# Sgt Slough's Jersey Tournament Report



## ReelinRod (May 29, 2003)

The son and I fished in the individual category in NJ Beach Buggy Assocation's ASAC tournament yesterday on North Wildwood's beach. (Tournaments have team and individual classes, you don't need to be on a team to fish, pays your $9 and have fun!)

Disappointing day fishwise, surf was loaded with 9 to 11-1/2 inch snappers; landing one that reached the 12" minimum was not to be for us.

Some kingfish were caught in the tourney but not many, no stripers or weakfish were caught.

Winning team was Surf & Land with about 160 points (IIRC), second went to Ocean City FC and third was won by South Jersey Surfcasters.

Very clear water, light/gentle W wind turned moderate/fresh SW by afternoon, did not see any birds working anywhere nor any bait in the water.

I had the embarrassing good fortune of tying for Individual "most points" . . . me and another guy each caught a sandshark for one point.  Hey, we split the $60 award.   

Next Saturday we are fishing Sea Isle City's beach; the *Women's Surf Fishing Club's Tournament*. 

On Sunday we will be 80 miles further north in Sea Girt NJ fishing for the Hudson River Fisherman's Assoc. in an interclub tournament against the Sea Girt Surf Kings.


----------



## cfishigotu (Aug 27, 2003)

Don't forget this tournament!!!!

The Hudson River Fishermen’s Association will be holding its Fifth Annual ASAC Surf Fishing tournament on Saturday, October 28th, in Seaside Park, NJ. This annual event has seen some major growth over the years.
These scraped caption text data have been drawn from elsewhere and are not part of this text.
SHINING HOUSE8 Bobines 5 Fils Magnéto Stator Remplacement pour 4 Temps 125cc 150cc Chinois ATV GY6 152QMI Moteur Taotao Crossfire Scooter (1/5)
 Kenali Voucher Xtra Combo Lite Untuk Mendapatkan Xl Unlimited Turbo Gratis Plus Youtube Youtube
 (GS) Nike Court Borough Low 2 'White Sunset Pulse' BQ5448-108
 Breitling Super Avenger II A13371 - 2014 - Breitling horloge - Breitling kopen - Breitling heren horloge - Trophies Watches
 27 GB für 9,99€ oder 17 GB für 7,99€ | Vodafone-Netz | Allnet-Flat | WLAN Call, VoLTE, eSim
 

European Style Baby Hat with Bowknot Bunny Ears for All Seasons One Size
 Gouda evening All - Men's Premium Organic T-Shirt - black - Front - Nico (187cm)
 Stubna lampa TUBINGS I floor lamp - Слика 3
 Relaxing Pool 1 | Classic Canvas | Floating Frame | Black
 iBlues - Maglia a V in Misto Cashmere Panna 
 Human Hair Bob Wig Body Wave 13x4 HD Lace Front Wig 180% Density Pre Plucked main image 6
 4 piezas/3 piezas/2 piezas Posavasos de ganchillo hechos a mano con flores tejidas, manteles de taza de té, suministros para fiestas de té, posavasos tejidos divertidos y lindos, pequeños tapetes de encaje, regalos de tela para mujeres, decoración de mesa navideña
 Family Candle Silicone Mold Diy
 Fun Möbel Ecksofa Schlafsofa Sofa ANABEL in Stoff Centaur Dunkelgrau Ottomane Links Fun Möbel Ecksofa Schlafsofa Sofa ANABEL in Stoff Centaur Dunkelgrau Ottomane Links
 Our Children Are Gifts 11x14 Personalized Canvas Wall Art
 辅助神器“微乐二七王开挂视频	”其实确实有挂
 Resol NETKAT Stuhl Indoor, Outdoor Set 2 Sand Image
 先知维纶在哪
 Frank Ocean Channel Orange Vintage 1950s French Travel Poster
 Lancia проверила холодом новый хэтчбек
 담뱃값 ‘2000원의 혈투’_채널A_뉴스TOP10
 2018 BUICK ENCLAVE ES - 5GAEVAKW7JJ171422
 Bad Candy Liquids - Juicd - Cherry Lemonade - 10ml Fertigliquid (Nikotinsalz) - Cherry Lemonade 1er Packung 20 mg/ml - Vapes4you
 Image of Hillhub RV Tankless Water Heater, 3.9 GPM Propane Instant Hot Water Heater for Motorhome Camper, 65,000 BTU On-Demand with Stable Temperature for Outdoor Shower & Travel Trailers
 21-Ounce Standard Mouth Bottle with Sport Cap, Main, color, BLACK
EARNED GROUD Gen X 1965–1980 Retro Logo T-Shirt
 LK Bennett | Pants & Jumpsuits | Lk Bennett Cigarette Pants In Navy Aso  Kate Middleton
For 2006, the prizes have been upgraded to reflect this growth. This year there will be over $1000.00 in cash prizes and $2000.00 in raffle prizes. The event is designed for teams and individuals with 4x4 access with paid registration. Children with adults are also welcome. To learn more about the tournament, See Jim Campbell or Carl Hartmann or to print out an application go to www.HRFA.us and select the Surf tournament link in the middle of the page or call 877- HRFA ORG (473-2674) and leave a message and someone will get back to you. You can also sign up online at www.HRFA.us 

Some of the raffle prizes:
•	Marine Fab 94 qt cooler rod rack with rigging tubes and bungee holders.
•	36 inch wall mount fiberglass striped bass from Eagle Enterprises.
•	Grumpy’s Bait and Tackle All Star Elite 12’ 3” custom long distance spinning rod with Stradic 6000 spinning reel.
•	Dock Outfitters Bait & Tackle All Star Breakaway 12’ 3” long distance cast surf rod.
•	$300.00 worth of gift certificates to Betty and Nicks Bait and Tackle.
•	Over $500.00 of fishing poles to be raffled off. Donated by Meltzers.


----------



## ReelinRod (May 29, 2003)

Carl, wouldn't miss that for anything!

Greg wouldn't let us miss it, he's won the Jr's how many years?

Start 'em young! 
Greg and Jim from HRFA website:










Your website even has a pic of my ample a$$ putting a bend in a BA11-9   !










You guys hold a fantastic event and those prizes sound incredible!


----------